[Assigned task] What you return must match the entries exactly, except that the pictures are gone.
-.-.-
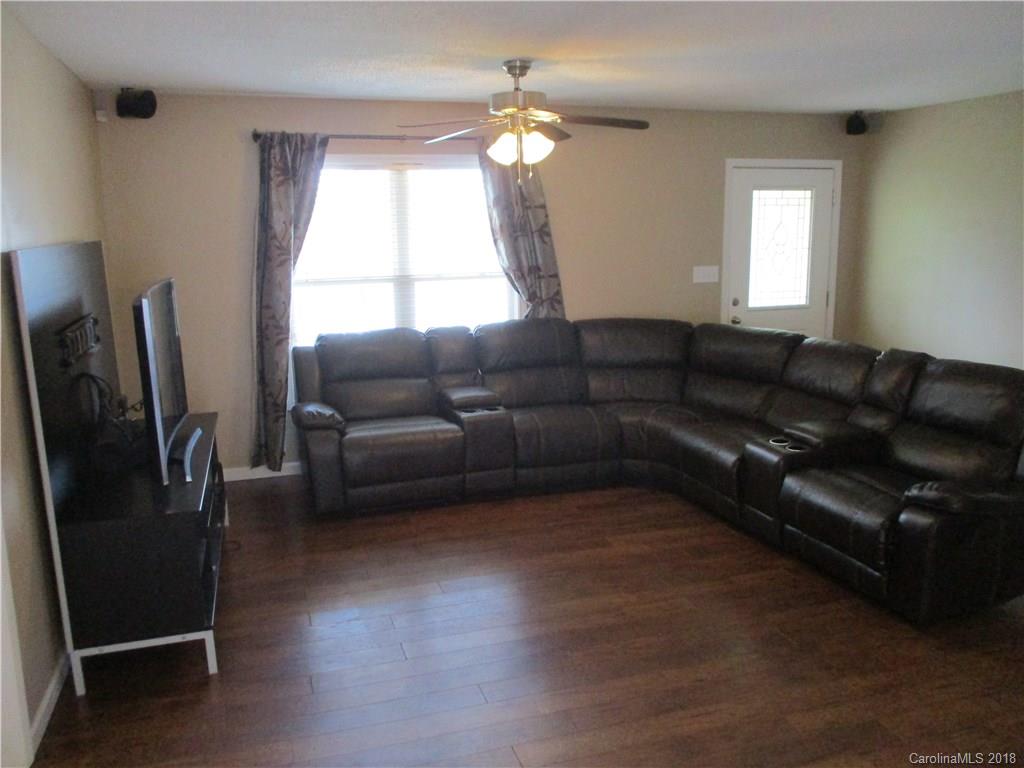 4741 Kemp Dellinger Road Maiden, NC 28650 - Photo 4 of 21 a living room with furniture window and a flat screen tv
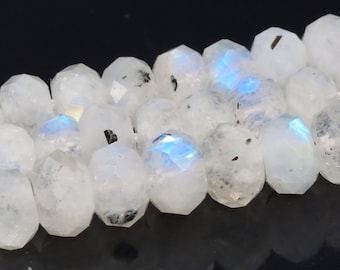 May include: A strand of white moonstone beads with iridescent blue and black flecks. The beads are faceted and have a smooth, polished finish.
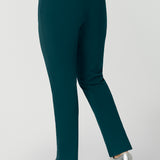 Back view of good workwear pants for over 40 women. A size 12 woman wears a cropped, ankle length pants in green scuba crepe jersey with a navy cami. Good pants for work, these trousers are made from stretchy jersey and are comfortable for all-day wear. Made in Australia by Australian and New Zealand women's clothes brand, Leina & Fleur, shop easy-care workwear for petite to plus size women. 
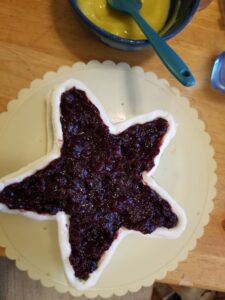 Star-shaped cake on a rotating cake plate, outlined with white icing and topped with blueberry filling.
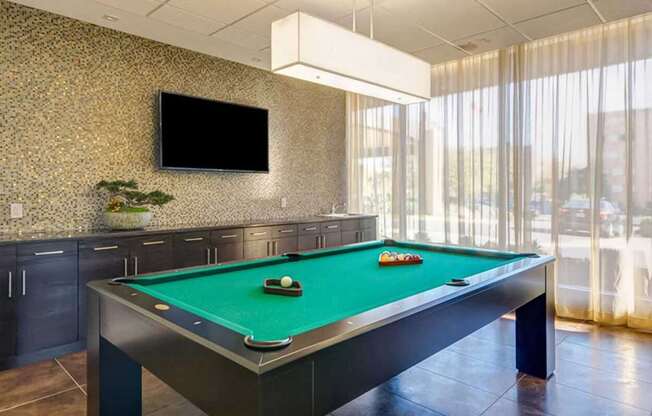 A pool table with a green cloth and white balls is in the foreground of a room with a television and patterned wallpaper.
-.-.-
[Output for this exercise]
 4741 Kemp Dellinger Road Maiden, NC 28650 - Photo 4 of 21 a living room with furniture window and a flat screen tv
 May include: A strand of white moonstone beads with iridescent blue and black flecks. The beads are faceted and have a smooth, polished finish.
 Back view of good workwear pants for over 40 women. A size 12 woman wears a cropped, ankle length pants in green scuba crepe jersey with a navy cami. Good pants for work, these trousers are made from stretchy jersey and are comfortable for all-day wear. Made in Australia by Australian and New Zealand women's clothes brand, Leina & Fleur, shop easy-care workwear for petite to plus size women. 
 Star-shaped cake on a rotating cake plate, outlined with white icing and topped with blueberry filling.
 A pool table with a green cloth and white balls is in the foreground of a room with a television and patterned wallpaper.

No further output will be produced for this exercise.